Valckx is so masterful in her personification of the animal characters in the story that a viewer could "read" the story by looking only at the pictures.  Two examples follow.  (For my complete pictures-only look at Lizette's Green Sock, please see the next page.)
 
   1. When Lizette returns home without the second sock, her disappointment is obvious.  We cannot see her face, since she is walking away from the viewer.  However, her shoulders are drooping, steps are small, and head is down.  She is obviously disappointed.  Even the flowers show disappointment; their heads are bowed like Lizette's. 
 
   2. As Mama washes the sock, Valckx shows Lizette's anxiety.  A tense look is on her face, she is wringing her hands behind her back, and she stands close by, watching nervously as Mama scrubs.  On the next page, Lizette sits on her hands in anticipation as the sock dries.  A snail in the foreground emphasizes how slowly the sock is drying.
 
There are no definitive cultural markers in this book.  Two things hint at a European setting:  the kerchief knotted around Mama's head and the hot water heater that is fixed to the wall above the sink, something not found in buildings in the U.S.
 
Instead of retaining their French flavor, the characters’ names were anglicized.  The French Lisette  becomes Lizette.  Bébert  becomes "Bert;" and "Matou and Matoche" become Tom and Tim.[i]  Some justification can be made in that Lizette keeps the sound of the French name Lisette.  Bébert, now Bert, can be short for Robert or Albert in French.  Matou, now Tom, is the French word for tomcat.[ii]  It is disappointing, however, that the editors/translators felt the need for these changes in an otherwise superb tale.
 
Valckx's bright, clear colors and deft depictions bring her characters to life.  Lizette, Bert, Tom and Tim are personalities with which readers can identify.  The story is a multi-layered masterpiece that portrays a triumphant, independent spirit and joy in living.
 
 
 
Valckx, Catharina. 2005. Lizette's green sock.
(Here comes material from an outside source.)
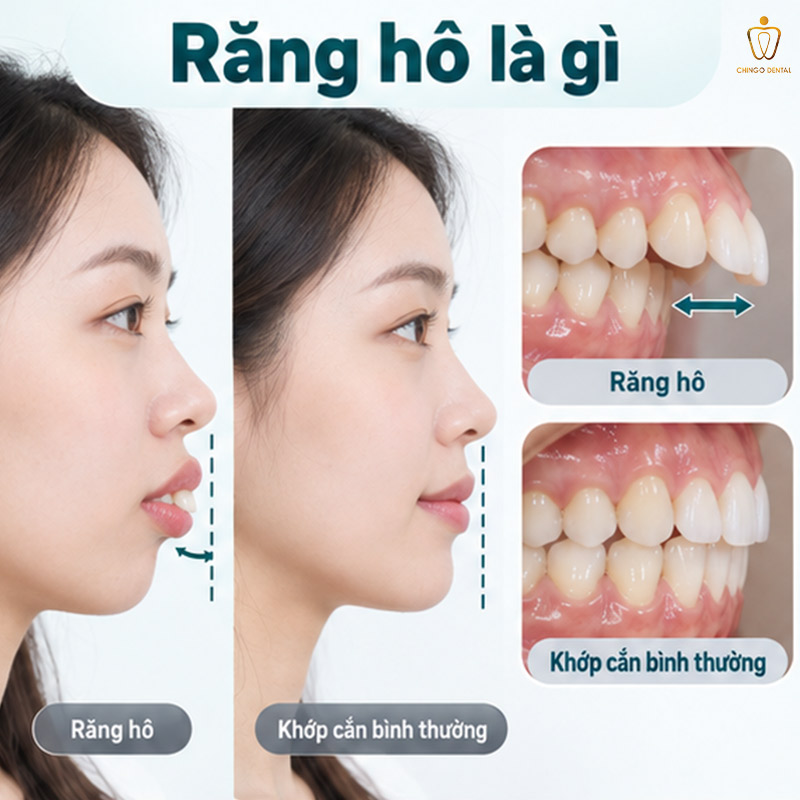 Các Giai Đoạn Niềng Răng Hô: Lộ Trình Chi Tiết Từng Bước Bạn Cần Biết 1 các giai đoạn niềng răng hô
New York: Clarion. Originally published in France in 2002 as La chausette verte de Lisette by l'école des loisirs.  ISBN 0-618-45298-2
 
[i] Lukehart, Wendy. Starred review of Lizette's Green Sock. School Library Journal 51 (5): 103.
[ii] Isaacs, Kathleen. 2006. It’s a big world after all. School Library Journal 52 (2): 44. 
[iii] See La chausette verte de Lisette from Amazon.fr at http://www.amazon.fr/exec/obidos/ASIN/2211069029/qid%3D1143000751/171-8749637-7752243.
[iv] With thanks to my French friend for the explanation of names.
 
 
This review was written for a graduate course in Library and Information Studies at Texas Woman's University, International Literature for Children and Young Adults.